The Best Criminal Defense Attorneys Have Experience on Both Sides of the Courtroom
I have learned that many Assistant District Attorneys are often more frightened of police officers and the victim advocates who work in their offices, than they are of the criminal defense attorney. Many times, an assistant district attorney will agree more with the criminal defense lawyer than with the police officer or victim’s advocate. But because of office politics, right and wrong often gets pushed aside for public relations and job security.
As a prosecuting attorney preparing my cases, I worked with all levels of law enforcement from university campus police to the county sheriff, the highway patrol, and the FBI, DEA, and Secret Service. I learned how law enforcement is trained and how police think when they investigate crimes, in fact I once taught at the police academy. Detectives and patrol officers routinely called me seeking advice on criminal cases they were investigating. Also, I would routinely go back to the arresting officer or the detective in-charge of an investigation to have follow-up investigations conducted.
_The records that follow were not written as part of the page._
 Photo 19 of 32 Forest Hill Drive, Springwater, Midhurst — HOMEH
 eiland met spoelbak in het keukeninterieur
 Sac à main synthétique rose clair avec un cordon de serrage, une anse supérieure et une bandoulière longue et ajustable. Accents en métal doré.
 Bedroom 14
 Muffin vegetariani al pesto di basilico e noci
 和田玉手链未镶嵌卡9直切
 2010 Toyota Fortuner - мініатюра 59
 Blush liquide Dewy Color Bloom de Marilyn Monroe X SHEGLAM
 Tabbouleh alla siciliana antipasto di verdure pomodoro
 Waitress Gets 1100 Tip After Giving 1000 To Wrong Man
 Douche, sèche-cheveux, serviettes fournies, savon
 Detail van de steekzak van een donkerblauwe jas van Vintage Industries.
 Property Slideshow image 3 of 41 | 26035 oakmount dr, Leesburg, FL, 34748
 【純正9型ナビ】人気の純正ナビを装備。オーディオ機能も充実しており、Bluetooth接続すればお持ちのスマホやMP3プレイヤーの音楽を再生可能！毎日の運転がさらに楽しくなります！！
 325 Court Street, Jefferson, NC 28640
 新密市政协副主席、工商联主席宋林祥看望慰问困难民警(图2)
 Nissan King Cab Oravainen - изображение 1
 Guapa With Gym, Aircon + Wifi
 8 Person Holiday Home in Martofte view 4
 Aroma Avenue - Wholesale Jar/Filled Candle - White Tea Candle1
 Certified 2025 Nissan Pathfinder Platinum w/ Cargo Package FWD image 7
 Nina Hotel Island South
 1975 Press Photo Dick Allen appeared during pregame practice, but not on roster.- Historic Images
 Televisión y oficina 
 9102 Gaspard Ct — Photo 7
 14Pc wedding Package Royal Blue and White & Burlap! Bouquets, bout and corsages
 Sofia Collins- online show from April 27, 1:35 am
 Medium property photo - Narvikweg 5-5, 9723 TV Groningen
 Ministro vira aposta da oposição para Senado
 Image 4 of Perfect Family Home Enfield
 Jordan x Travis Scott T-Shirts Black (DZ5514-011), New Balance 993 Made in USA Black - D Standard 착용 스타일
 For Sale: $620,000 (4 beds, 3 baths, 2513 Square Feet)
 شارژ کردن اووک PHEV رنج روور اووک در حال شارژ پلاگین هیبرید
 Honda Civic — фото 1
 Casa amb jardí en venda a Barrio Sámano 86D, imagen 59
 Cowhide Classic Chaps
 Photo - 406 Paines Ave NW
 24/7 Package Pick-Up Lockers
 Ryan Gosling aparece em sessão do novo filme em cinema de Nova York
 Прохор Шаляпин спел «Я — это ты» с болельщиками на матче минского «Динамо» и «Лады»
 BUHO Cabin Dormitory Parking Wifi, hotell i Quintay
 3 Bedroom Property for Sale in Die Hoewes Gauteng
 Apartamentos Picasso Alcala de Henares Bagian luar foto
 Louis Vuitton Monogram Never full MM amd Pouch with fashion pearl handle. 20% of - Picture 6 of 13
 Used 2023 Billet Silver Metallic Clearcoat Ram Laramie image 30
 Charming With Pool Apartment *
When I switched sides and started defending people charged with criminal offenses, I brought with me all the knowledge I gained in six years of working with law enforcement. What my experience also taught me, was that like most human beings, many police offices are willing to cut corners to get home early or because of loyalty to fellow officers they may look the otherway when another officer steps outside the boundaries set by the law. I am very effective in determining the real truth from a police report, because over the last 20+ years I have prosecuted or defended thousands criminal cases.